Horace Henriot began playing polo at 13 in his home country Belgium. After high school he traveled to Argentina, the “Mecca of polo,” and the United States to play professionally. After a few years as a professional, Henriot decided to make a change. He studied theology and spent the last 10 years as a youth pastor and working with nonprofits.
Recently, Henriot was giving a speech about not letting your talents go to waste and realized he wasn’t following his own advice. So he got back into polo and started Play Polo LLC, but nonprofit work — involving polo — is in Henriot’s future too.
Play Polo is launching with lessons beginning the first week of May, when the weather is ideal. This is also a huge opportunity because no one in the Midwest is doing this. We’re creating a market for this. We are doing a promotion of 10 lessons for $899 if people sign up by April 15.
The classes are for all ages and you don’t need any riding experience. We’ll also have four wooden horses that you’ll use to learn the movements on first. It’s a life-size horse with a saddle on it that basically saves the horse from getting whacked in the feet and stuff like that.
In a nutshell, polo is played four-on-four and best described as hockey on a horse. It has some physical elements. You can hit each other — not in the body — [on] the mallet with the mallet. I can bump you with my horse. The most famous rule is called the line of the ball.
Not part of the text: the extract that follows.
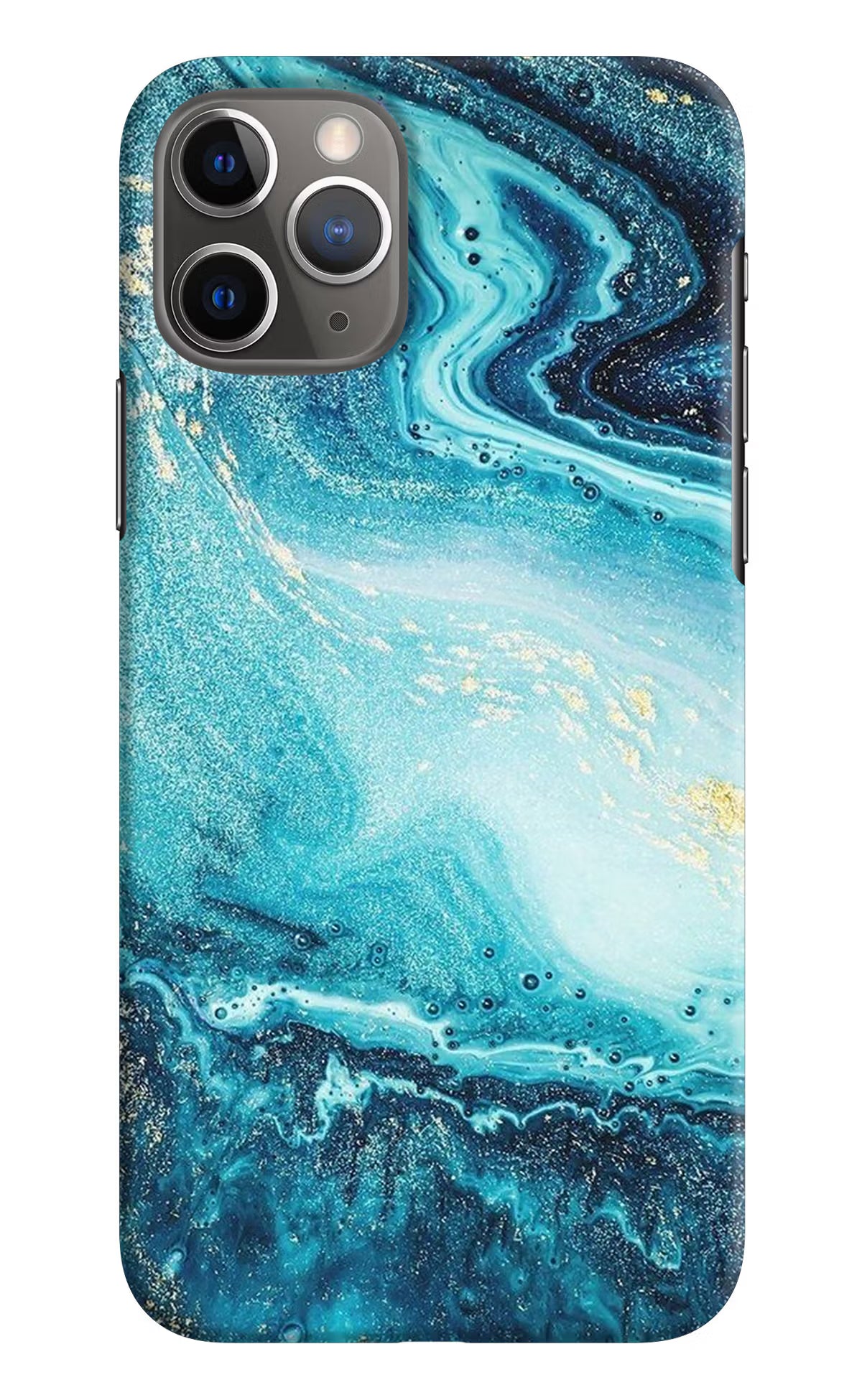 Blue Glitter Marble iPhone 11 Pro Max Hard Case Back Cover by Casekaro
When you hit the ball it creates an invisible line that you can’t cross with the horse. You have to come up [parallel] to them to take the ball.
A regulation size polo field is 10 acres. The one we’re using is a little bit shorter. And polo is a high-scoring game. It’s not like soccer … eight to 10 would be an average score.
People have this image that polo is for the rich, and we would like to break that stereotype. I think that stereotypes exist in certain places, but in most of the world it’s not like that. It’s much more accessible than people think. Polo is a great sport that’s not about the fancy hats and the high heels.
In America, they primarily use thoroughbreds, some quarter horses and a mix between the two called an appendix. The horse has to be fast, but also has to be able to stop and turn and be very agile. There are no restrictions on size … so a clydesdale could show up on the field; there’s no rule against it, but it wouldn’t be very effective.
Our dream is to give inner city kids who would never have the opportunity to play polo [a chance to play]. We want to teach them about leadership and character by introducing them to polo. We considered doing this as a non-profit … but we felt like we’d be fundraising all the time. So we can fundraise for our own non-profit for things like this. There’s an example called Work to Ride that was featured on “60 Minutes.” This woman bought a barn in Philadelphia and got inner city kids to ride horses and play. Now they’re kicking the butts of Harvard, and it’s incredible.